▸ What you need to do
Write out every line of the data below exactly as given.

Dataset records:
• • • •

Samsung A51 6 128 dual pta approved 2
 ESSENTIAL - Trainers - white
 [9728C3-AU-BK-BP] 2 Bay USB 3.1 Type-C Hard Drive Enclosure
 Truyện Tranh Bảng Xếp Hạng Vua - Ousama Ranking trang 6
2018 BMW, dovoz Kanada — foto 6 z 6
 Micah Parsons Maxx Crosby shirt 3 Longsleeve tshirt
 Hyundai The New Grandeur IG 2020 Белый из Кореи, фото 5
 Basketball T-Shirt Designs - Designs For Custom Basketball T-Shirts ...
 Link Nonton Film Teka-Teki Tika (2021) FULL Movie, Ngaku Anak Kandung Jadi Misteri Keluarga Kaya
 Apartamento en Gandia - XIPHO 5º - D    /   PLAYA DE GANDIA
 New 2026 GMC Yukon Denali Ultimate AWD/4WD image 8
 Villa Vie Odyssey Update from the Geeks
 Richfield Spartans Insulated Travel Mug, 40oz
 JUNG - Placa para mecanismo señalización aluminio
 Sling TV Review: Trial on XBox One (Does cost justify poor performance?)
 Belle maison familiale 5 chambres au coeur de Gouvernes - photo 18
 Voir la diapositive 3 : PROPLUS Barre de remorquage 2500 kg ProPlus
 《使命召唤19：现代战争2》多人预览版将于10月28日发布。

• • • •

▸ Answer section
Samsung A51 6 128 dual pta approved 2
 ESSENTIAL - Trainers - white
 [9728C3-AU-BK-BP] 2 Bay USB 3.1 Type-C Hard Drive Enclosure
 Truyện Tranh Bảng Xếp Hạng Vua - Ousama Ranking trang 6
2018 BMW, dovoz Kanada — foto 6 z 6
 Micah Parsons Maxx Crosby shirt 3 Longsleeve tshirt
 Hyundai The New Grandeur IG 2020 Белый из Кореи, фото 5
 Basketball T-Shirt Designs - Designs For Custom Basketball T-Shirts ...
 Link Nonton Film Teka-Teki Tika (2021) FULL Movie, Ngaku Anak Kandung Jadi Misteri Keluarga Kaya
 Apartamento en Gandia - XIPHO 5º - D    /   PLAYA DE GANDIA
 New 2026 GMC Yukon Denali Ultimate AWD/4WD image 8
 Villa Vie Odyssey Update from the Geeks
 Richfield Spartans Insulated Travel Mug, 40oz
 JUNG - Placa para mecanismo señalización aluminio
 Sling TV Review: Trial on XBox One (Does cost justify poor performance?)
 Belle maison familiale 5 chambres au coeur de Gouvernes - photo 18
 Voir la diapositive 3 : PROPLUS Barre de remorquage 2500 kg ProPlus
 《使命召唤19：现代战争2》多人预览版将于10月28日发布。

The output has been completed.